The first form looks the simplest, but there’s a catch: you need to first find \(P(Y=y)\). The second form involves an unnecessarily high level of detail.

The third form is the one to use. It uses the known distribution of \(X\). It says that to find \(E(Y)\) where \(Y = g(X)\) for some function \(g\):

  • Take a generic value \(x\) of \(X\).

  • Apply \(g\) to \(x\); this \(g(x)\) is a generic value of \(Y\).

  • Weight \(g(x)\) by \(P(X=x)\), which is known.

  • Do this for all \(x\) and add. The sum is \(E(Y)\).

The crucial thing to note about this method is that we didn’t have to first find the distribution of \(Y\). That saves us a lot of work.

Let’s see how our method works in some examples.

8.3.3. \(Y = \vert X-3 \vert\)#

Let \(X\) have a distribution we worked with earlier:

x = np.arange(1, 6)
probs = make_array(0.15, 0.25, 0.3, 0.2, 0.1)
dist = Table().values(x).probabilities(probs)
dist = dist.relabel('Value', 'x').relabel('Probability', 'P(X=x)')
dist
x P(X=x)
1 0.15
2 0.25
3 0.3
4 0.2
5 0.1

Let \(g\) be the function defined by \(g(x) = \vert x-3 \vert\), and let \(Y = g(X)\).
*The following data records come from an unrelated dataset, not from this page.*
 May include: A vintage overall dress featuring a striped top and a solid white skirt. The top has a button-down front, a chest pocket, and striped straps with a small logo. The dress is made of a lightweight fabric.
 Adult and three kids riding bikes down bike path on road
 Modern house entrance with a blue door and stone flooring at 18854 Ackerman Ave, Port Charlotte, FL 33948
In other words, \(Y = \vert X - 3 \vert\).

To calculate \(E(Y)\), we first have to create a column that transforms the values of \(X\) into values of \(Y\):

dist_with_Y = dist.with_column('g(x)', np.abs(dist.column('x')-3)).move_to_end('P(X=x)')

dist_with_Y
x g(x) P(X=x)
1 2 0.15
2 1 0.25
3 0 0.3
4 1 0.2
5 2 0.1

To get \(E(Y)\), find the appropriate weighed average: multiply the g(x) and P(X=x) columns, and add. The calculation shows that \(E(Y) = 0.95\).
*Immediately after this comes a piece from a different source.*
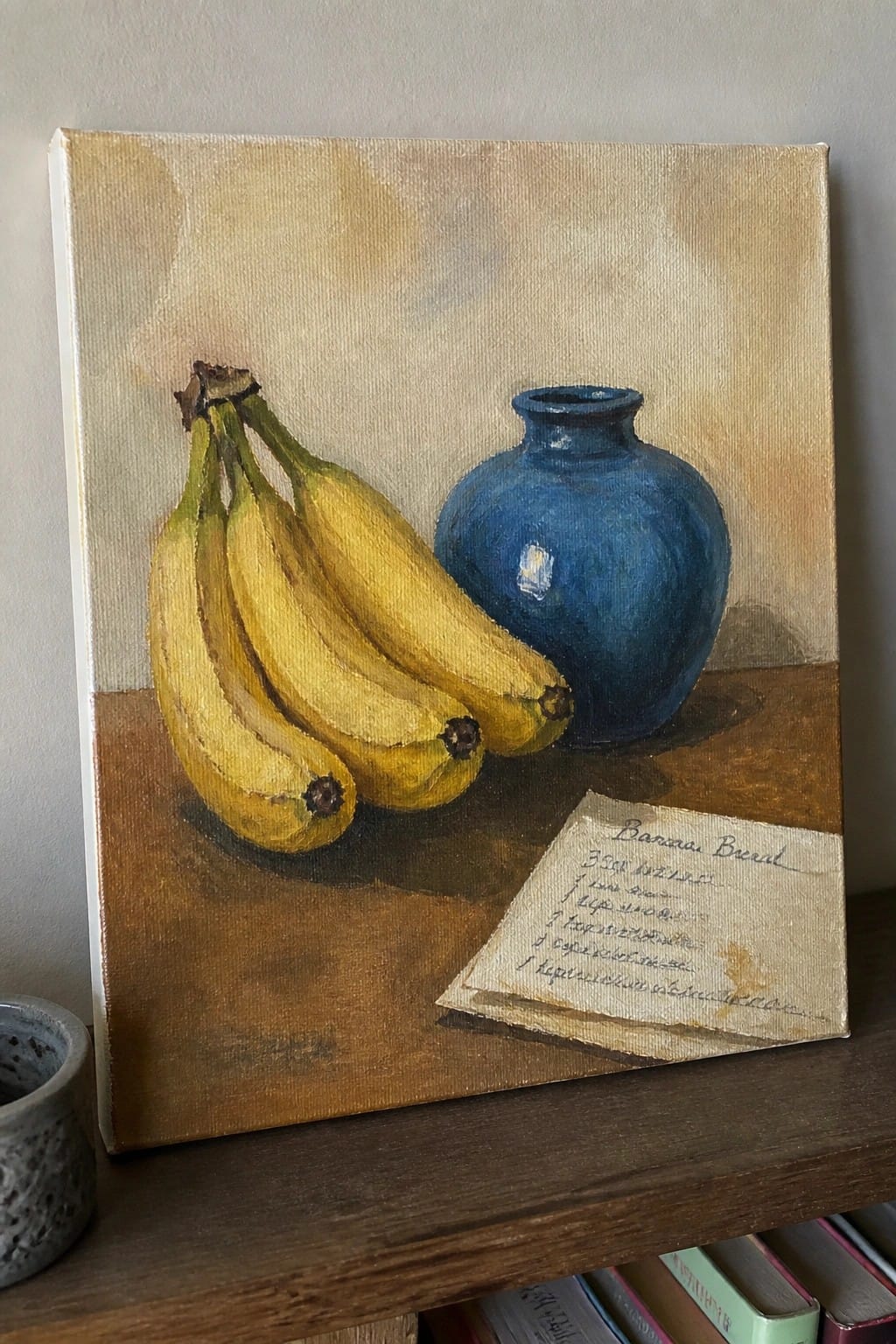 Still life painting of yellow bananas, blue vase, and banana bread recipe note.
ev_Y = sum(dist_with_Y.column('g(x)') * dist_with_Y.column('P(X=x)'))
ev_Y
0.95

8.3.4. \(Y = \min(X, 3)\)#

Let \(X\) be as above, but now let \(Y = \min(X, 3)\). We want \(E(Y)\). What we know is the distribution of \(X\):

dist
x P(X=x)
1 0.15
2 0.25
3 0.3
4 0.2
5 0.1

To find \(E(Y)\) we can just go row by row and replace the value of \(x\) by the value of \(\min(x, 3)\), and then find the weighted average:

ev_Y = 1*0.15 + 2*0.25 + 3*0.3 + 3*0.2 + 3*0.1
ev_Y
2.45

8.3.5. \(E(X(X-1))\) for a Poisson Variable \(X\)#

Let \(X\) have the Poisson \((\mu)\) distribution.
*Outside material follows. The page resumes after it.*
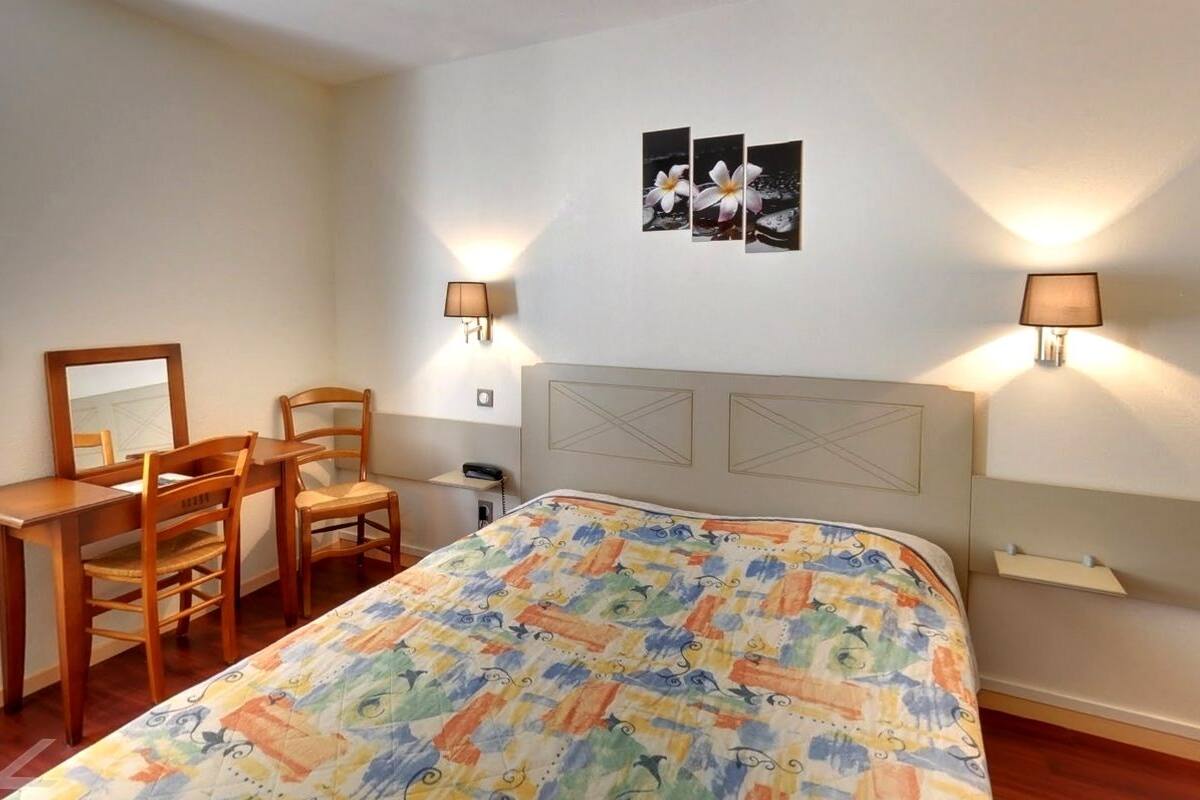 Ein Schlafzimmer mit einem Bett, einem Schreibtisch, zwei Stühlen, einem Fenster und Wandlampen.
\[\begin{split} \begin{align*} E(X(X-1)) &= \sum_{k=0}^\infty k(k-1) e^{-\mu} \frac{\mu^k}{k!} \\ \\ &= e^{-\mu} \mu^2 \sum_{k=2}^\infty \frac{\mu^{k-2}}{(k-2)!} \\ \\ &= e^{-\mu}\mu^2 e^\mu \\ \\ &= \mu^2 \end{align*} \end{split}\]

In the next section we will use this to find \(E(X^2)\). For now, notice that

\[ E(X^2) ~ = ~ \sum_{k=0}^\infty k^2 e^{-\mu} \frac{\mu^k}{k!} ~ \ge ~ \sum_{k=0}^\infty k(k-1) e^{-\mu} \frac{\mu^k}{k!} ~ = ~ E(X(X-1)) ~ = ~ \mu^2 \]

Since \(E(X) = \mu\), we have \(E(X^2) \ge (E(X))^2\). We will see later that this inequality is true for all random variables for which the expected square is finite.